Let $f(u)=(du/dx)^2$, where $u=u(x)$. Let's write f(u)=(u')^2 in the following.
Let's say we want to calculate $\partial/\partial\epsilon[f(u+\epsilon\delta u)]_{\epsilon=0},$ where $\delta u = \delta u(x)$. As I see it, two approaches are:
1) \frac{\partial}{\partial\epsilon}[f(u+\epsilon\delta u)]|_{\epsilon=0} = \frac{\partial}{\partial\epsilon}[((u+\epsilon\delta u)')^2]|_{\epsilon=0} = \frac{\partial}{\partial\epsilon}[(u'+\epsilon\delta u')^2]|_{\epsilon=0} = 2(u'+\epsilon\delta u')\frac{\partial}{\partial\epsilon}(u'+\epsilon\delta u')|_{\epsilon=0} = 2u'\delta u'
2)
$\frac{\partial}{\partial\epsilon}[f(u+\epsilon\delta u)]|_{\epsilon=0} = \frac{\partial f(u+\epsilon\delta u)}{\partial(u+\epsilon\delta u)}\frac{\partial(u+\epsilon\delta u)}{\partial\epsilon} = \frac{\partial f(u)}{\partial u}\delta u = 0*\delta u?$
I obviously end up wrong with 2), but where is the error?
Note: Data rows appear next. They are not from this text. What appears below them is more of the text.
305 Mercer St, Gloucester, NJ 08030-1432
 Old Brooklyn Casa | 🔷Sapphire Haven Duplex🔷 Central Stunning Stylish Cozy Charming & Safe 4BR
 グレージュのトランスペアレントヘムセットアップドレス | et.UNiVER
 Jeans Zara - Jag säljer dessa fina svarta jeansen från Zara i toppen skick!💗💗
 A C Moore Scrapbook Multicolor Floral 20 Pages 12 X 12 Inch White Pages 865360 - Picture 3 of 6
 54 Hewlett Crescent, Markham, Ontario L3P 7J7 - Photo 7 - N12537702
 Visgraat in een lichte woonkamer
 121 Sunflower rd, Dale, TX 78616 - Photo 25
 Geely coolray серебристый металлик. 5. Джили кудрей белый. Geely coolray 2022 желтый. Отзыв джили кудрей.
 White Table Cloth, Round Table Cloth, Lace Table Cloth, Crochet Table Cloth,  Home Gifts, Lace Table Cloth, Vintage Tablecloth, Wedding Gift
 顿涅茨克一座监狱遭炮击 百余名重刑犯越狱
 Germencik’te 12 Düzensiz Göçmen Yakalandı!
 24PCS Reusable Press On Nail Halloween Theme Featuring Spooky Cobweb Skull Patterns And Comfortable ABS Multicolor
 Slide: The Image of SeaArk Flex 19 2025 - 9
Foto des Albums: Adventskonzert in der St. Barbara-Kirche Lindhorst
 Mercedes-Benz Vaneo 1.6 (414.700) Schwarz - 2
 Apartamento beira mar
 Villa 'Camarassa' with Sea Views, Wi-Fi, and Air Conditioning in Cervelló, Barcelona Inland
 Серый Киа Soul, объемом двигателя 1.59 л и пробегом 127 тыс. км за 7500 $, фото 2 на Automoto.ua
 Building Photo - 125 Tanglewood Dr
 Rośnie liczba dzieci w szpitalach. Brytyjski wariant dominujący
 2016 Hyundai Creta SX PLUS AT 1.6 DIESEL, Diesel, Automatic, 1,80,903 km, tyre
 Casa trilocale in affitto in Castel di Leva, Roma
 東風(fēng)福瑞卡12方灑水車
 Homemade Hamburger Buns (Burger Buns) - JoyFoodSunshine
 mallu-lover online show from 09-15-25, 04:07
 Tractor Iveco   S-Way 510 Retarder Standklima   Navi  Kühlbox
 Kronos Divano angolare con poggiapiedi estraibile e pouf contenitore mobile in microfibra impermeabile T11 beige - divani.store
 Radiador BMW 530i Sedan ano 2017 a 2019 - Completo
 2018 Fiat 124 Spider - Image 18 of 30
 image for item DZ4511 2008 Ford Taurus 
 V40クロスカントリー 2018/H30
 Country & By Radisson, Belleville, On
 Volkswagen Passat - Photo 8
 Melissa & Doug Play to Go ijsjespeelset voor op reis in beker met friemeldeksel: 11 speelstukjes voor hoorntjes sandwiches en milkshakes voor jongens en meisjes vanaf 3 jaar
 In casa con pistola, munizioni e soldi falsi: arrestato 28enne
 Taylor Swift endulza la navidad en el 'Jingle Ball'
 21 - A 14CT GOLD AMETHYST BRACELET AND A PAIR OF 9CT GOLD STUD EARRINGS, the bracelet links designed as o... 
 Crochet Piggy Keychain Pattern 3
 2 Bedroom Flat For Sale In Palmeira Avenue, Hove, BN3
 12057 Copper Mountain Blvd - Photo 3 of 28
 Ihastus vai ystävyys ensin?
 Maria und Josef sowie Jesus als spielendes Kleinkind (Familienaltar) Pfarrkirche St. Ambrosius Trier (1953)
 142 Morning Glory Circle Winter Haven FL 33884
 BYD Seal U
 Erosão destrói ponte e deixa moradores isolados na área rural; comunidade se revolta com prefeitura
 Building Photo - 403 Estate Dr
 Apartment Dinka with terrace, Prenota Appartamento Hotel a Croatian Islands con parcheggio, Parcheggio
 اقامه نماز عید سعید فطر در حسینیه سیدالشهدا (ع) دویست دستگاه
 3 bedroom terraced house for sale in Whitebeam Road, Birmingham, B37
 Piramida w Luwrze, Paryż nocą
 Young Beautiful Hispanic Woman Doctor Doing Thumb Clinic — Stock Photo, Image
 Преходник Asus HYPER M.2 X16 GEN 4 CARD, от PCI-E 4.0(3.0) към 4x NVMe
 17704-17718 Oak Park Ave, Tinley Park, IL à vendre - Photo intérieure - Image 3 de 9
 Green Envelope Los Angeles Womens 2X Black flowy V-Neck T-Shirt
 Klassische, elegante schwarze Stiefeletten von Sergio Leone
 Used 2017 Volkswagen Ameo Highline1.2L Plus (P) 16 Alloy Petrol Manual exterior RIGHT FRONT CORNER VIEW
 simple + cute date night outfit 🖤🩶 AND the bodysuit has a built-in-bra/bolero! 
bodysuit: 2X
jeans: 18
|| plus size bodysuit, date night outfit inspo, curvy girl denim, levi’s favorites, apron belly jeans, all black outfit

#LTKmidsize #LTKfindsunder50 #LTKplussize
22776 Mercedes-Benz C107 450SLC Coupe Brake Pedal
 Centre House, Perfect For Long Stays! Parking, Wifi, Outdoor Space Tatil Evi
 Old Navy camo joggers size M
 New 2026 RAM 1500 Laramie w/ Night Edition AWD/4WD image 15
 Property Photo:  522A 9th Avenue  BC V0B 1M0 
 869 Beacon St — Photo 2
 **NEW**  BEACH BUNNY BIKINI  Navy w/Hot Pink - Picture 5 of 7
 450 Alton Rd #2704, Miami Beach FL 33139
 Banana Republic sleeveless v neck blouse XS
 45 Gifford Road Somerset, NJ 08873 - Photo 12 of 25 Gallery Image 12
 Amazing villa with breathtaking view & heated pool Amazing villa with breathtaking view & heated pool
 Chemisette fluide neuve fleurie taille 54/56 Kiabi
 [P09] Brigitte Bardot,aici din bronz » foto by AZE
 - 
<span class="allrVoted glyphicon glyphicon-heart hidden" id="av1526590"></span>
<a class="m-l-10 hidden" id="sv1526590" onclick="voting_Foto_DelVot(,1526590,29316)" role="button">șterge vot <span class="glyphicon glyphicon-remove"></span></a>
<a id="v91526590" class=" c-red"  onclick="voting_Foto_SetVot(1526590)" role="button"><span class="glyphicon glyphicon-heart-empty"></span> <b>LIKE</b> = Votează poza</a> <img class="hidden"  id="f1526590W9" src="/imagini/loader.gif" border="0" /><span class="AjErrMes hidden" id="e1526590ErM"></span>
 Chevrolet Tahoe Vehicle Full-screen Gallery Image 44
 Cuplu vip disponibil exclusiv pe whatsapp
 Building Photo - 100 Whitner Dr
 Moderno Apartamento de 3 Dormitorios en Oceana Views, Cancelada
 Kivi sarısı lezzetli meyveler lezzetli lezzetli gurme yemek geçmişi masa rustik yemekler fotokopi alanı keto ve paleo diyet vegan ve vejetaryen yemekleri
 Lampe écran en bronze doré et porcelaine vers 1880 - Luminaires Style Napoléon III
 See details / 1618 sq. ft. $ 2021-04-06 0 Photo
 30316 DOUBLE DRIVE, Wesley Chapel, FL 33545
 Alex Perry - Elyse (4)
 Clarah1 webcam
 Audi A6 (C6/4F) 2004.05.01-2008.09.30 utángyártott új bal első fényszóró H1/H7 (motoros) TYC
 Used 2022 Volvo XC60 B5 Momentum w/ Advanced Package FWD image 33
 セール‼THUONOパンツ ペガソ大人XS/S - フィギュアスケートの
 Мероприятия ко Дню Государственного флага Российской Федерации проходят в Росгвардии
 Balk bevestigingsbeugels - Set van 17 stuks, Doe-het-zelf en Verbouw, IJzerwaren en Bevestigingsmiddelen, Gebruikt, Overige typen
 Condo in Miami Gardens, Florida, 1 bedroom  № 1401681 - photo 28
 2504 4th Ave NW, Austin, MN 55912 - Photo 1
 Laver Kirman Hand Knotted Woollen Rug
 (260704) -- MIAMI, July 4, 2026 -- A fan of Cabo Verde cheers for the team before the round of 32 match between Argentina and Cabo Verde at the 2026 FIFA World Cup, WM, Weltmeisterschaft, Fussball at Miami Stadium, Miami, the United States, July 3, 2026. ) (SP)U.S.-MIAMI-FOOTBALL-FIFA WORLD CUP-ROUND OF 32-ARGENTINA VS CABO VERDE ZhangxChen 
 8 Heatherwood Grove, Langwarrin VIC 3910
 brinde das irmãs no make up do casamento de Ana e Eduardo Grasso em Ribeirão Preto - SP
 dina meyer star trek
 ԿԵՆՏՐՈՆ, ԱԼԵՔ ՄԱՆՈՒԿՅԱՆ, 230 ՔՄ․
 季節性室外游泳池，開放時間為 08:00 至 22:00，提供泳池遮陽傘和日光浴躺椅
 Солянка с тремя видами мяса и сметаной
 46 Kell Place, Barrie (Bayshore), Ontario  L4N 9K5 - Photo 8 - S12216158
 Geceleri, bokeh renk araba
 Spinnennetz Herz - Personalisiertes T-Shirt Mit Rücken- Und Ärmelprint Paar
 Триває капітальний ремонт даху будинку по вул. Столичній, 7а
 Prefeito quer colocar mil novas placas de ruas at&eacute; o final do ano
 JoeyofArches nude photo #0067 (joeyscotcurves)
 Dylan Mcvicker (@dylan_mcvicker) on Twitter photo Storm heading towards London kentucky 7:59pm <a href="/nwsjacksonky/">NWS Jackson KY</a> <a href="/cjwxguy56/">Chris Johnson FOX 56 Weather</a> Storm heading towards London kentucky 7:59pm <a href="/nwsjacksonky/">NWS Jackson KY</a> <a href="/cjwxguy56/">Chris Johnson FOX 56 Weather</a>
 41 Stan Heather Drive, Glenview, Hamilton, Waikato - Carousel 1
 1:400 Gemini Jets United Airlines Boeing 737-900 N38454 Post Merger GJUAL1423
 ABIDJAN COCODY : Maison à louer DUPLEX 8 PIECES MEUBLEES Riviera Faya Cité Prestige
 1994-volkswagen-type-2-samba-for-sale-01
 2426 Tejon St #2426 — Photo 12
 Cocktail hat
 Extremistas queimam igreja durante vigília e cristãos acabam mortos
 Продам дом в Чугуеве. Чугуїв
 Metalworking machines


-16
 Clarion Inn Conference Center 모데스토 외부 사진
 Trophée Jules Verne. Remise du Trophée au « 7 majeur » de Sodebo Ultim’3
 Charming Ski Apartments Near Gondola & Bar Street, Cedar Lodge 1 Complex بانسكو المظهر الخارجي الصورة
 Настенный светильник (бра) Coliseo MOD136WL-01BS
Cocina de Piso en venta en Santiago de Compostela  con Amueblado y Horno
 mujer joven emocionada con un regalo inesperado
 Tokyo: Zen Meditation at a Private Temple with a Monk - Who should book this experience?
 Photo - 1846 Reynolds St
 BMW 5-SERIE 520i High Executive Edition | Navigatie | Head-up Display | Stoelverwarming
I suppose it has something to do with $f(u)$ being a functional, and with the use of the chain rule to change from a derivative wrt. a variable ($\epsilon$ in this case) to an expression also involving derivatives wrt. functions ($u$ in this case), but can someone please clarify?
Also, if the problem lies in is applying the chain rule in this way, why does the following (found in 1) ), where I'm essentially doing the same thing, work? \frac{\partial}{\partial\epsilon}[(u'+\epsilon\delta u')^2] = 2(u'+\epsilon\delta u')\frac{\partial}{\partial\epsilon}(u'+\epsilon\delta u') = 2u'\delta u'. Why don't I have to write \frac{\partial}{\partial\epsilon}[(u'+\epsilon\delta u')^2] = \frac{\partial}{\partial\epsilon}[(u')^2+2u'\epsilon\delta u'+\epsilon^2(\delta u')^2] = 2u'\delta u'? Does it work just by accident?